8. That William J. Pounds died on March —, 1984.
9. That the certificate of deposit purchased August 22,1983, “payable to himself or to Thomas R. Pounds,” matured on February 20,1984. That on February 21, 1984, after William J. Pounds became physically and mentally disabled, his sister, Roxie Lasater, went to First American Bank with a note or writing, not in the handwriting of William J. Pounds, but signed by him after he became physically and mentally incompetent, and caused the bank to re-issue or renew the certificate for a new term of 182 days and payable only to “William J. Pounds.” The Court therefore finds that the bank renewed the certificate without proper authority and improperly removed the name of Thomas R. Pounds as a named payee on said renewal certificate.
10. The Court finds from the conduct of William J. Pounds that at the time of the original purchase of the certificate and up to and including the last valid renewal on August 22, 1983, the said William J. Pounds considered the certificate to be payable on death to his brother, Thomas R. Pounds, and that he never validly rescinded this contract, although he went to the bank with his sister, Roxie Lasa-ter, and stated to the vice-president of First American Bank that he wanted to remove his brother’s name from the certificate of deposit, but declined to do so on learning it would cost him a penalty. The contract was still in full force and effect on February 11, 1984, when William J. Pounds became mentally disabled.
In addition to the facts found by the Chancellor we note from a review of the record that. the deceased, William J. Pounds, purchased another certificate of deposit subsequent to the certificate in question and this certificate was purchased in his name individually. In addition, he continued to maintain bank accounts in his name individually, so there is nothing in the record to indicate that Thomas R. Pounds’ name was placed on the certificate as a convenience. It certainly appears from the deceased’s disposition of his estate that he took into consideration Thomas R. Pounds’ ownership of the certificate. Furthermore, the Executrix testified that William J. Pounds thought that Thomas R. Pounds would acquire at least part of the certificate by right of survivorship.

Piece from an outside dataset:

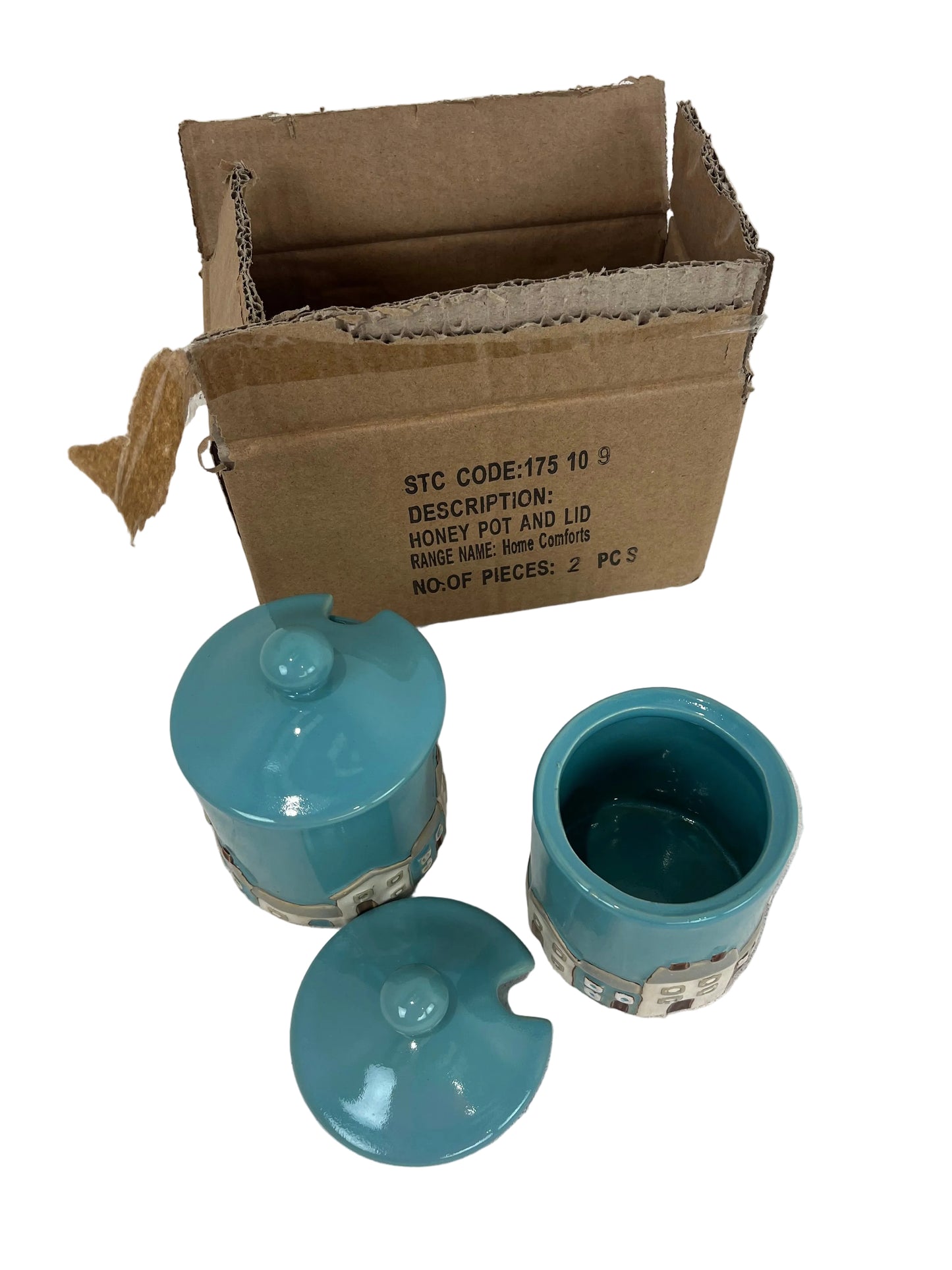 Country Cottage Ceramic Honey Pot And Lid Set of 2 (New)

The testimony at trial indicated some dispute as to statements made by interested parties. The trial court was able to observe the manner and demeanor of the witnesses as they testified and gave such weight, faith and credit to the testimony as the testimony deserved. Any conflict in testimony requiring a determination of the credibility of witnesses rests in the first instance with the trial court and will be given great weight by the appellate court, unless other real evidence compels a contrary conclusion. State ex rel. Balsinger v. Town of Madisonville, 222 Tenn. 272, 282, 435 S.W.2d 803, 807 (1968); Linder v. Little, 490 S.W.2d 717, 723 (Tenn.App.1972).
Since this case was tried by the court sitting without a jury, we review the case de novo upon the record with a presumption of correctness of the findings of fact by the trial court. Unless the evidence preponderates against the findings, we must affirm, absent error of law. T.R.A.P. 13(d).

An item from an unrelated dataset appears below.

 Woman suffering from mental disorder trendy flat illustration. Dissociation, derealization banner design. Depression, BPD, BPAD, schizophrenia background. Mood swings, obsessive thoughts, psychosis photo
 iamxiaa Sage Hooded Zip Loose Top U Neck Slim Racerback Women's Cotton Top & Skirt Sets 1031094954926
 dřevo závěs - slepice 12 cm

From our review of the record, we cannot say that the evidence preponderates against the Chancellor’s finding that the deceased William J. Pounds intended for Thomas R. Pounds to take the certificate of deposit by right of survivorship, and the *668terms of the certificate allow payment to Thomas R. Pounds. Therefore, the trial court’s judgment is affirmed and costs are assessed against the appellants. This case is remanded for such further proceedings as are necessary.
FARMER, J., and STRAUCH, Special Judge, concur.